Destaque positivo da noite a motivação do recém-trocado Eric Gordon. Enquanto tem gente desanimada até em Dallas, o armador estava com sangue nos olhos e meteu 20 pontos na cara do Suns, em Phoenix,  incluindo o arremesso da vitória a 4 segundos do fim, ignorando a marcação do Jared Dudley. Outro destaque positivo (e bizarro) foi lembrado nos nossos comentários: O Spencer Hawes (não o LeBron James ou o Rajon Rondo) quase fez um triple double com 10 pontos, 14 rebotes e 9 assistências! Agradeça ao universo infinito por tudo ser possível.

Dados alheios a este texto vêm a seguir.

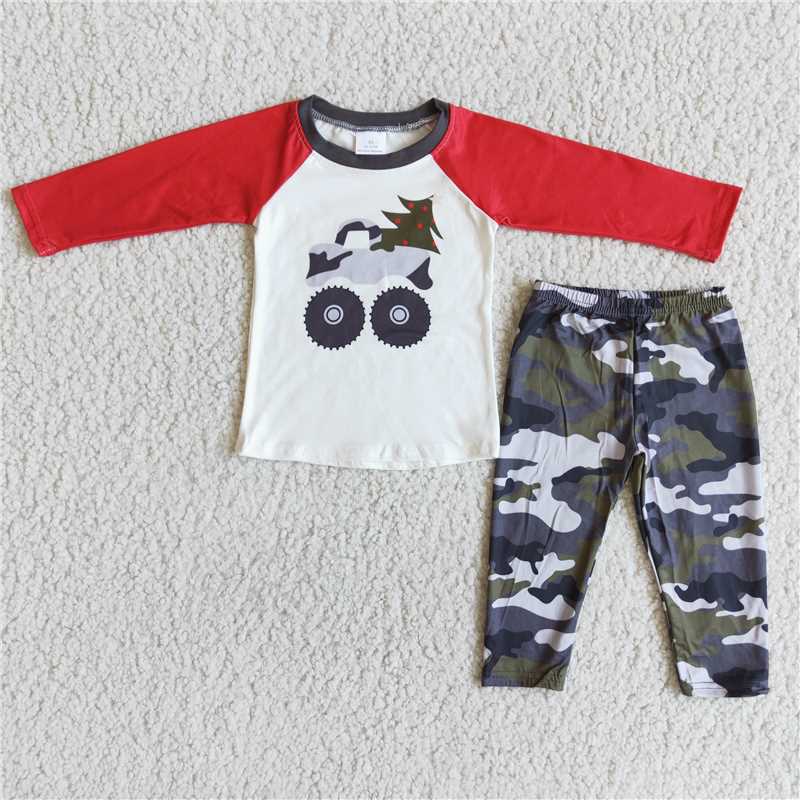 7.24 RTS NO MOQ ETA 5/7days arrived 6 A14-2 Christmas Boy's Clothing Long-Sleeved Long Pants Cartoon Print Kids Outfit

Ontem também teve esse singelo lance:

Fotos da rodada

Matt Barnes e DeMarcus Cousins jogam basquete cego

Tim Duncan é marcado por um goleiro de handebol

Bola Presa (marca registrada)

Kobe, recém-separado, assiste jogo de mãos dadas com seu novo affair

Markieff Morris é feio

Joakim Noah é mais feio

Chris Kaman é tão feio que Sebastian Telfair prefere abraçar a bola voadora

Sobre o resumo da rodada:
São pitacos diários sobre a rodada da noite anterior da NBA. É uma seção que não chega para substituir nada, nem nossos textos gigantes e analíticos sobre as equipes. “Não cheguei para tirar a vaga de ninguém, só vim adicionar ao grupo”, disse o Resumo em sua entrevista coletiva de apresentação no Bola Presa.